Other features that I've seen in applications that do their own logging
to files include:

- Creating new files for each sub-process or thread, by appending a
thread identifier to the filename.
- Truncating individual messages to some limit (e.g. to avoid logging a
rogue char* that points to a huge block of stuff with a \0 a megabyte
later), or individual fields within the log message.

In my quick review I didn't see any of that functionality.

The rolling_file feature looks useful for long-running applications
where it's necessary to move the log files (e.g. to compress them)
without interrupting the process. I suggest referring to the logrotate
utility for how this sort of thing is often handled on Unix servers;
for example, it can be configured to send a signal to a process to tell
it to close and re-open its log file with the same filename.

Finally I'd like to look at how the user can control the logging. I
don't see any built-in functionality for this. I have a couple of
suggestions: environment variables and command-line options.

An environment variable could be used as follows. The code would do
something like this:

     g_l()->writer().write(::getenv("MYAPP_LOG_FMT"), ::getenv("MYAPP_LOG_DEST"));

The programmer's choice of format and destination may or may not
override the user's choice via the variables. The user could then
control the format and destination when invoking the program:

$ export MYAPP_LOG_FMT='%time%($hh:$mm.$ss.$mili) [%idx%] |\n'
$ export MYAPP_LOG_DEST='file(debug.log)'
$ myapp

Firefox has something a bit like that IIRC.

For command-line integration, I suggest providing an initialisation
function that processes argc and argv looking for debug options, and
strips them:

int main(int argc, char* argv[]) {
   log.init(argc,argv); // modifies argc and argc
   // following code doesn't see debug options
   ...
}

DirectFB has something like that. Again you could use this to define
formats and destinations.

You could also give the user control over scoped filtering via a
command-line interface. For example:

$ myapp --log:default=none --log:parser=debug --log:scheduler=info

The names 'parser' and 'scheduler' would match scoped log-enable
blocks. I could imagine hierarchical names too. I've used one
commercial C++ application that has this sort of logging (you can
indicate component, log level and destination), and it proved useful.

Conclusion:

* What is your evaluation of the design?

Breaks up the problem into a sensible set of components. Basic usage
requires too much effort. Lacks many features that I would find
useful. Pervasive use of macros is unappealing.

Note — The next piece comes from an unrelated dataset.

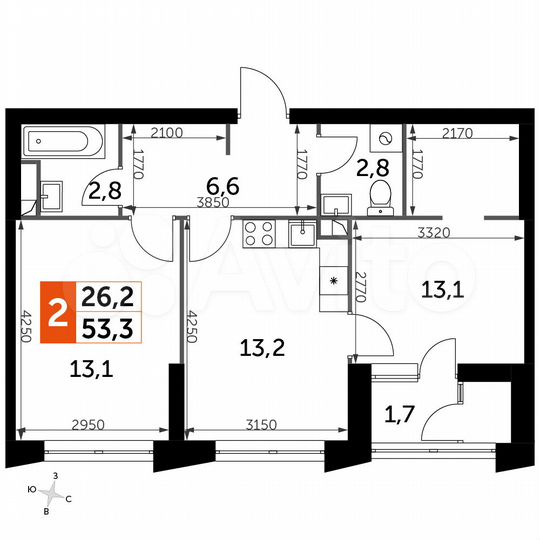 2-к. квартира, 53,3 м², 21/27 эт.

* What is your evaluation of the implementation?

Seems to work. Many compiler warnings do not inspire confidence in
code quality. Have not reviewed the code in any detail.

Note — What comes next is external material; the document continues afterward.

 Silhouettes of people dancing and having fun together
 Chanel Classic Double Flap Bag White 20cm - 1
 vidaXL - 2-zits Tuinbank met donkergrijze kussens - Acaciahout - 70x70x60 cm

* What is your evaluation of the documentation?

Poor. But in part, that's because it is documenting the considerable
effort required to get basic functionality working.

* What is your evaluation of the potential usefulness of the library?

Everyone needs logging. If they do it using this library, they'll have
to write a lot of code themselves to implement their own filters,
destinations and so on. In practice they won't bother and will write
their own ad-hoc code.

* Did you try to use the library? With what compiler? Did you have any
problems?

Yes, with gcc-4.1 on Linux. I encountered various warnings which John
has already resolved.

* How much effort did you put into your evaluation?

About 6 hours.

* Are you knowledgeable about the problem domain?

I've written and used numerous programs with logging features, but have
never attempted to write a logging library.

And finally, every review should answer this question:

* Do you think the library should be accepted as a Boost library?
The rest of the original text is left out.